Activity
Reproduce every entry exactly and leave its pictures out.

[Brief descriptive captions]
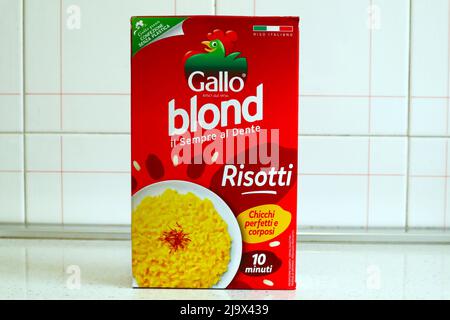 RIZ étuvé italien à grains longs produit par RISO GALLO S.p.A Banque D'Images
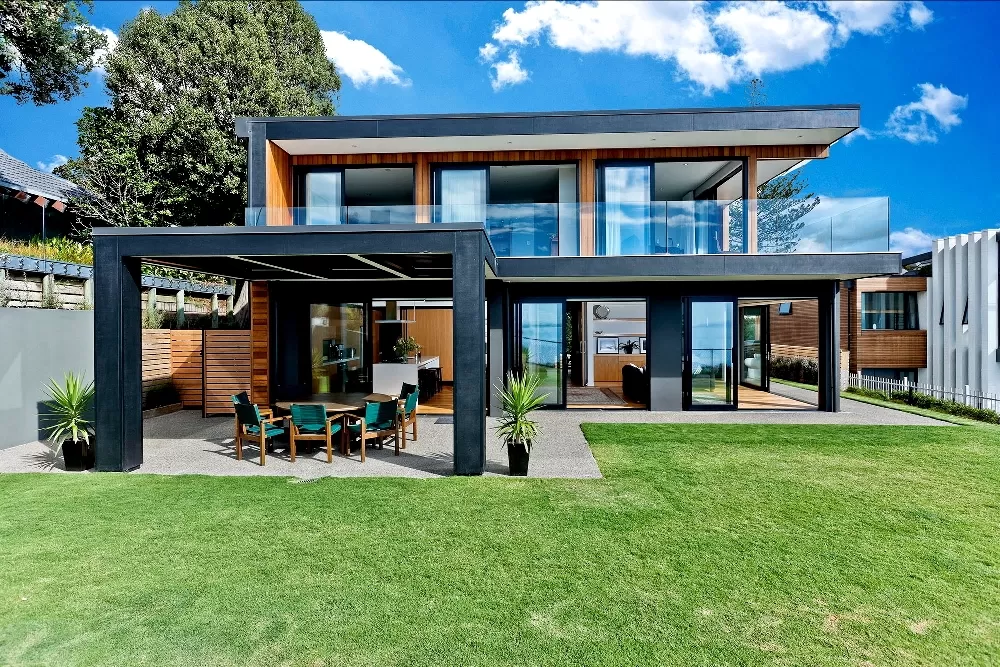 Mặt tiền của ngôi nhà được làm từ kính trong suốt, giúp tận dụng tối đa ánh sáng tự nhiên.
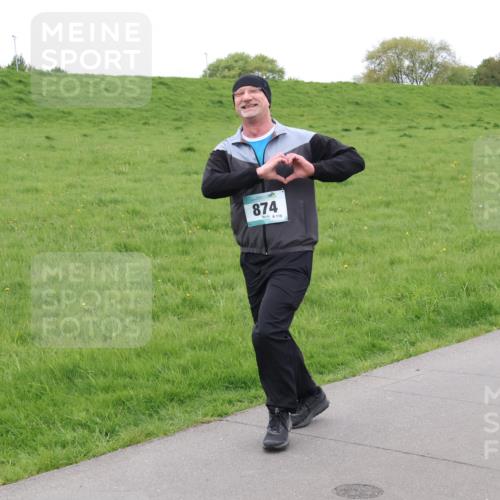 04.05.2025 - 8. Wedeler Halbmarathon Lena Gebhardt http://msf.ph/oto/7834967 04.05.2025 11:26:04 Laufen 874 meine-sportfotos.de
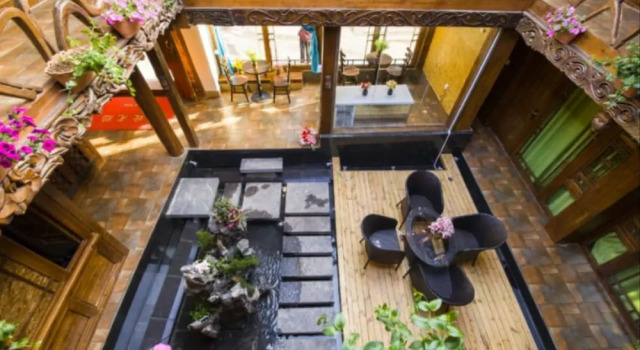 Lijiang Pengyouquan Inn, Забронировать Отель Лицзян Юньнань, рядом с Улица Сквер-стрит Древнего города Даянь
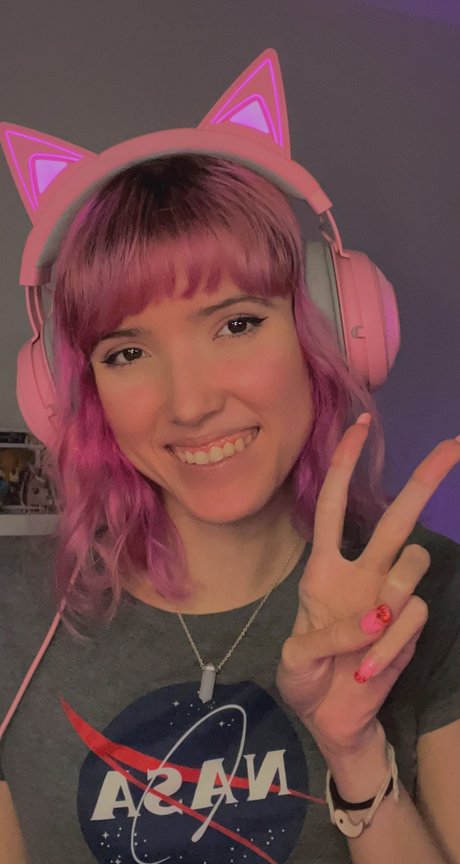 Strawberry Girl Kairi_ schauspielerin hd bilder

Result of the task
 RIZ étuvé italien à grains longs produit par RISO GALLO S.p.A Banque D'Images
 Mặt tiền của ngôi nhà được làm từ kính trong suốt, giúp tận dụng tối đa ánh sáng tự nhiên.
 04.05.2025 - 8. Wedeler Halbmarathon Lena Gebhardt http://msf.ph/oto/7834967 04.05.2025 11:26:04 Laufen 874 meine-sportfotos.de
 Lijiang Pengyouquan Inn, Забронировать Отель Лицзян Юньнань, рядом с Улица Сквер-стрит Древнего города Даянь
 Strawberry Girl Kairi_ schauspielerin hd bilder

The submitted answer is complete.